Here's the honest reality: most "moonstone" found by rockhounders in US pegmatites is white feldspar without a trace of adularescence. Orthoclase and microcline are among the most common minerals in granitic pegmatites, and they look similar enough that hopeful collectors call any translucent white feldspar "moonstone." It usually isn't. Testing for real adularescence in the field takes about ten seconds. Wet the surface of the feldspar with a spray bottle — water fills micro-fractures and temporarily improves transparency. Then rotate the stone slowly in direct sunlight, watching for a soft blue-white glow that appears to move beneath the surface. The glow should shift position as you change the viewing angle. If nothing moves, you have plain feldspar. If you see a sharp, colorful flash rather than a soft glow, you might have labradorite instead. Translucency matters. The best adularescence shows in material that's at least semi-transparent. Fully opaque white feldspar won't display the effect even if the internal lamellae are present, because light can't penetrate deep enough to scatter back out. Hold smaller pieces up to sunlight and look for any light transmission before bothering with the rotation test. Manage your expectations. Gem-quality moonstone from US localities is genuinely rare. The Catron County, New Mexico material was exceptional specifically because it was so unusual for a domestic source. Finding feldspar with decent adularescence in an Appalachian pegmatite is a real accomplishment — treat it as one.
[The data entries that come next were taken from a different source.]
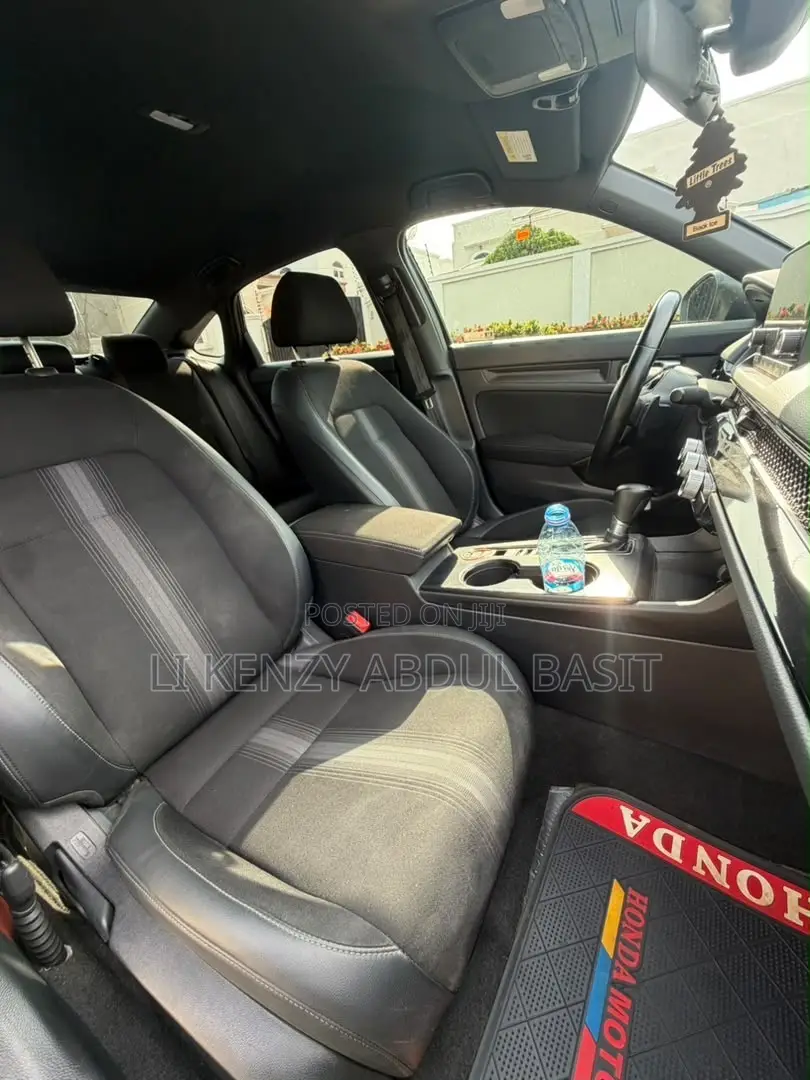 Honda Civic 2023 Black
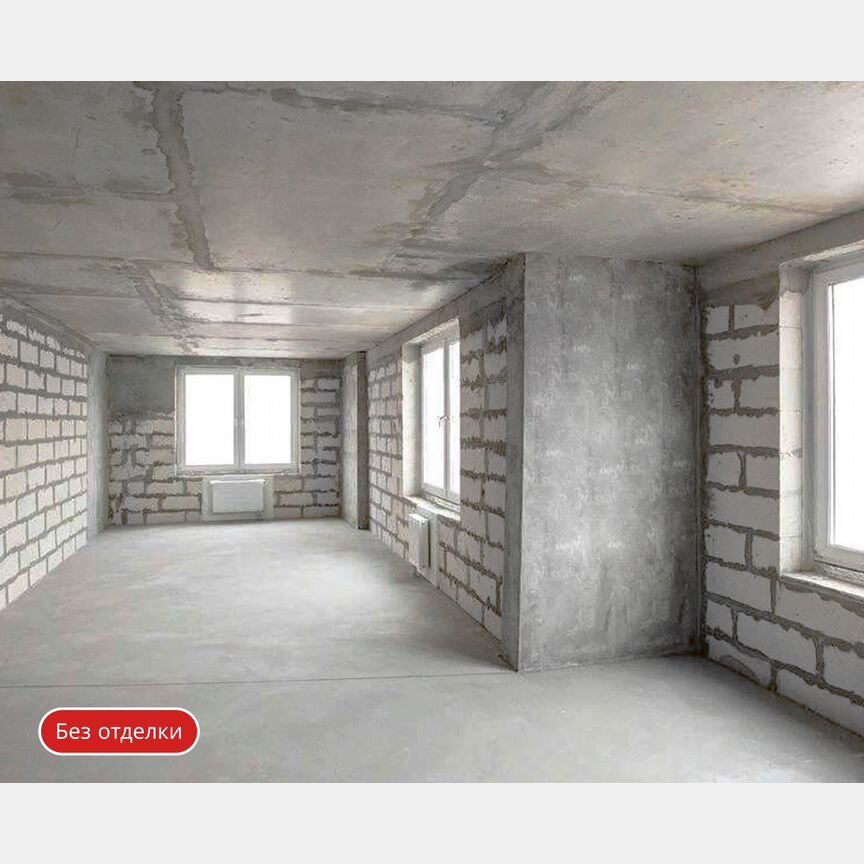 1-к. квартира, 42,9 м², 1/9 эт.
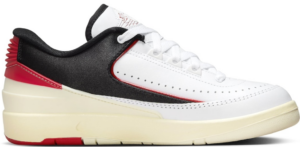 Giày Nike Air Jordan 2 Retro Low ‘Black Satin’ FD4849-106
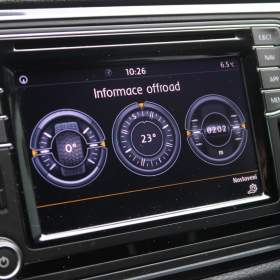 Foto inzerátu Volkswagen Amarok V6 3.0 TDI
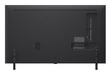 LG QNED AI 50QNED80A6A 127 cm (50'') 4K Ultra HD Smart TV Wifi Noir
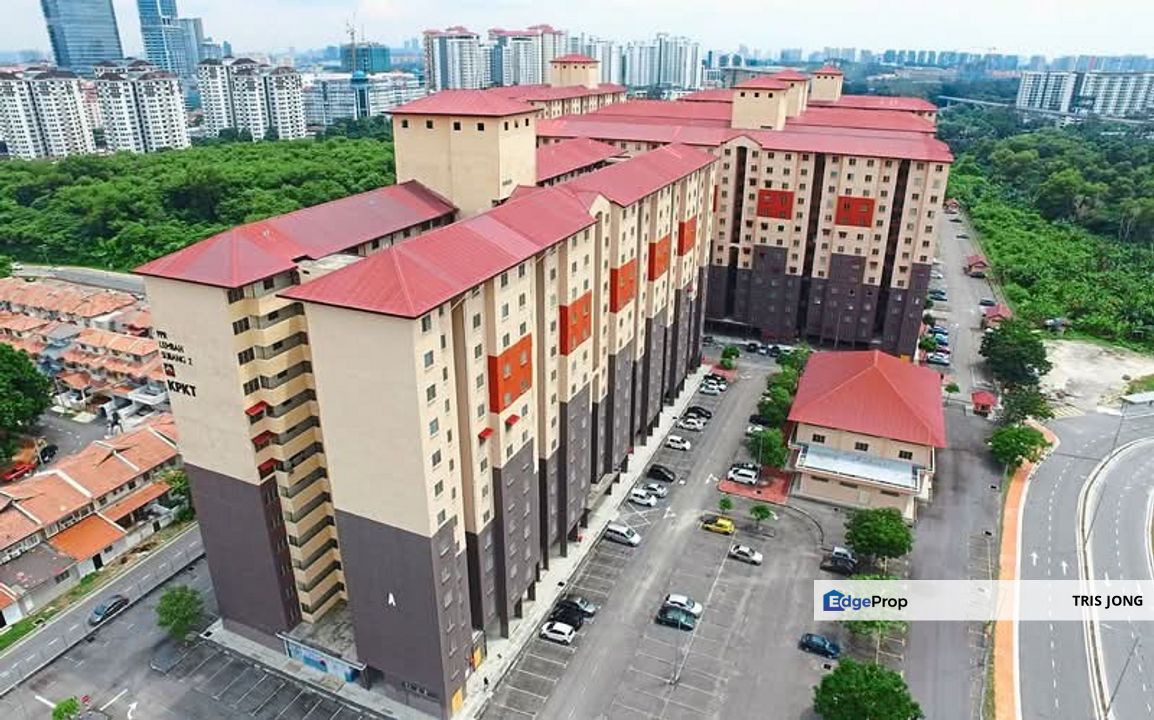 PPR Lembah Subang 2, (Jalan PJU 1a/44), Selangor, Kelana Jaya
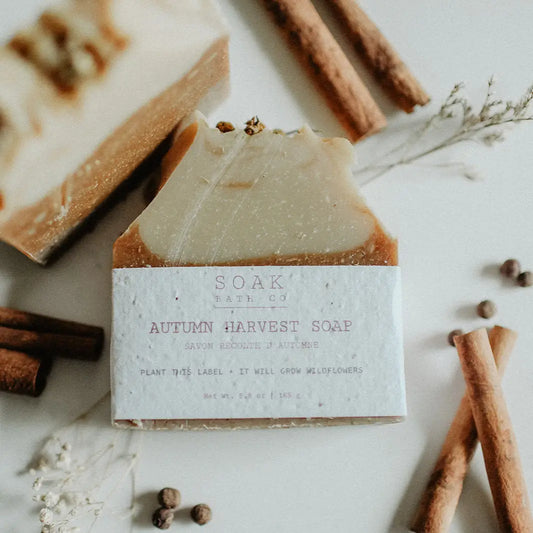 Autumn Harvest Soap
Moonstone Lookalikes: How to Tell Them Apart

Moonstone Value & Pricing

Commercial moonstone pricing depends almost entirely on the strength and color of the adularescence. Sri Lankan stones with strong blue sheen — the "blue flash" that collectors and jewelers prize most — run $20 to over $100 per carat for clean cabochons. Exceptional pieces with vivid electric-blue adularescence visible from multiple angles push past $100 per carat, especially above 5 carats where clean material becomes scarce. White or silver sheen moonstone is far more common and trades at $5 to $30 per carat depending on transparency and size. Rainbow moonstone (which is labradorite, remember) sells for $2 to $20 per carat. It's abundant, primarily from India and Madagascar, and the multicolored flash makes it popular in jewelry even though it's not mineralogically moonstone. The price gap between rainbow moonstone and true blue-sheen moonstone reflects both rarity and tradition. US-found moonstone with genuine adularescence would be valuable precisely because it's unusual. A clean cabochon cut from New Mexico or Virginia material with visible blue sheen would interest both gem collectors and mineral specimen collectors. But the market reality is that most US feldspar labeled "moonstone" at rock shows is white orthoclase worth a few dollars as a specimen, not a gem. Don't pay gem prices for opaque feldspar just because someone wrote "moonstone" on the label. Hold it up, look for the glow. No glow, no premium.

Tools & Equipment for Collecting Moonstone

Moonstone collecting in the US means pegmatite collecting, so your toolkit overlaps with what you'd carry hunting tourmaline, beryl, or amazonite. A rock hammer — a proper geological pick with a flat head and a chisel end — is essential for working pegmatite outcrops. Feldspar crystals often sit in pockets within the pegmatite, and careful chiseling around the pocket edges frees specimens without shattering them. A hand lens (10x loupe) is more important for moonstone than for most minerals. You need magnification to evaluate the quality of adularescence up close and to check for the telltale feldspar cleavage planes that confirm you're not looking at quartz or chalcedony. A good loupe also reveals the milky internal texture of exsolution lamellae in translucent specimens. Bring a spray bottle. Wetting the surface is the single most useful field test for adularescence. Dry feldspar surfaces scatter light at the surface and mask any internal optical effect. A quick spritz reveals what's happening inside the stone. Carry more water than you think you need — you'll test a lot of feldspar before finding one with real sheen. Wrap promising specimens individually in cloth or paper towels for transport. Moonstone cleaves easily along its two feldspar planes, and pieces banging together in a bucket will develop new cleavage fractures that destroy the optical continuity needed for adularescence. Small plastic containers with padding work well. Cold chisels and a light sledge are useful for larger pegmatite outcrops where the hammer alone can't free material from hard quartz-feldspar matrix.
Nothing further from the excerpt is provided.